Electrical engineer here, and I've wired up entire harnesses for a 1952 MG TD and the engine compartment of a 1982 240 Wagon that I drove for 30 solid years.
Your cooler sounds like the problem, and needs to be in its own socket and on its own fuse. (Stuff with motors and compressors and fans are the big current sucking monsters, the consumer electronics chargers are mostly negligible in their current demands.)
You don't want a bigger fuse for the same wiring, as the designer put in appropriate wire sizes for 20Amps max, and the 20Amp fuse is protecting the wires and the rest of the car from overloads. If you want a bigger fuse, you have to upgrade the wiring first.

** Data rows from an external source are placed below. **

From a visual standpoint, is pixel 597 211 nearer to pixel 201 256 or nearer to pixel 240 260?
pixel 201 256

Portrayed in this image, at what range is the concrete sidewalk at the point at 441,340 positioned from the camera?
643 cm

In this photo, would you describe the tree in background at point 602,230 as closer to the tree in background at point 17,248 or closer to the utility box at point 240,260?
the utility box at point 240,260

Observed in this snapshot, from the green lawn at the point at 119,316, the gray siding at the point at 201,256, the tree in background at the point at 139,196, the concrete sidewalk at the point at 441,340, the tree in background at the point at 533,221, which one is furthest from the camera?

This is not so hard to implement, as each 12 Volt socket has its own wire running to the fuse. Read through, as you have to go exploring first, and then buy a terminal and some wire at Radio Shack or a hardware store to do the job. I'm going to write this up with extra warning and advice for even complete novices, because tiny electrical mistakes can be expensive in a car with multiple computers.

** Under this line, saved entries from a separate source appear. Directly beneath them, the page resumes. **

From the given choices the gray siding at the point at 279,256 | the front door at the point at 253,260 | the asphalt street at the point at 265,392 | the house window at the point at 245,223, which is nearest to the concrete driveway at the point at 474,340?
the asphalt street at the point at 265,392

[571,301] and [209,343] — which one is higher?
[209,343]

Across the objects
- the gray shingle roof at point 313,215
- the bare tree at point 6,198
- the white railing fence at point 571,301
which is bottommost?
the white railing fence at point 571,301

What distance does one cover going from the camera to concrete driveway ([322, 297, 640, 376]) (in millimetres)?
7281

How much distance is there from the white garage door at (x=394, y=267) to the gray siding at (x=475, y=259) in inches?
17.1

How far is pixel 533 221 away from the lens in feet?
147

0) Pull the negative battery cable. (I wish there was also a sure-fire way to also "disable all airbags", like in the early 1990s 740 wagons. Anyone know if there is a fail-safe disabling method?) Anyway, always pull the negative battery cable before doing electrical work, and slide the cable into a zip-lock bag to keep it from touching all the metal that lurks nearby.
1 ) Pull the fuse ("11 C/13" on my v70, wiring diagram attached, it is in Group 37 if you have a different model/year).

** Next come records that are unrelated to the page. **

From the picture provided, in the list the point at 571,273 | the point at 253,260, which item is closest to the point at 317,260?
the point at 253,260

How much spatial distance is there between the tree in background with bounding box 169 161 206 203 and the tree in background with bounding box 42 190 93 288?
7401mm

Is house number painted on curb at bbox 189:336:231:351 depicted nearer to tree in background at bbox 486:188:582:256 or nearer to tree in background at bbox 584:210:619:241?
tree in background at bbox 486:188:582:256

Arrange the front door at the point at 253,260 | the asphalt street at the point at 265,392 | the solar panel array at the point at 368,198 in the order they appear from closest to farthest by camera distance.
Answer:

2 ) Get at the two Violet wires that run to the "cold side" of the fuse (the side without 12 Volts on it when fuse is removed) which may require removal of various plastic and bits of trim.
3 ) Snip one of the two wires with wire cutters.
4 ) Snip the wire on the cold side of an unused fuse position for an accessory you'll never have.
5 ) Solder the 12 Volt socket wire you cut away from fuse C/13 to the cold side of that unused fuse.
6 ) Insulate your solder joint with electrical tape well, and tape the bit of wire you snipped away from, as there is now a "bare wire" at the end of where you cut.
7 ) Insert a 20 Amp fuse into the unused fuse position, and document the change on the fuse panel cover and in a note in your owner's manual and service record.
8 ) You can now test both sockets to make sure that your wiring/soldering job was good, as each should now only get power with the appropriate fuse in place. But you aren't quite done yet...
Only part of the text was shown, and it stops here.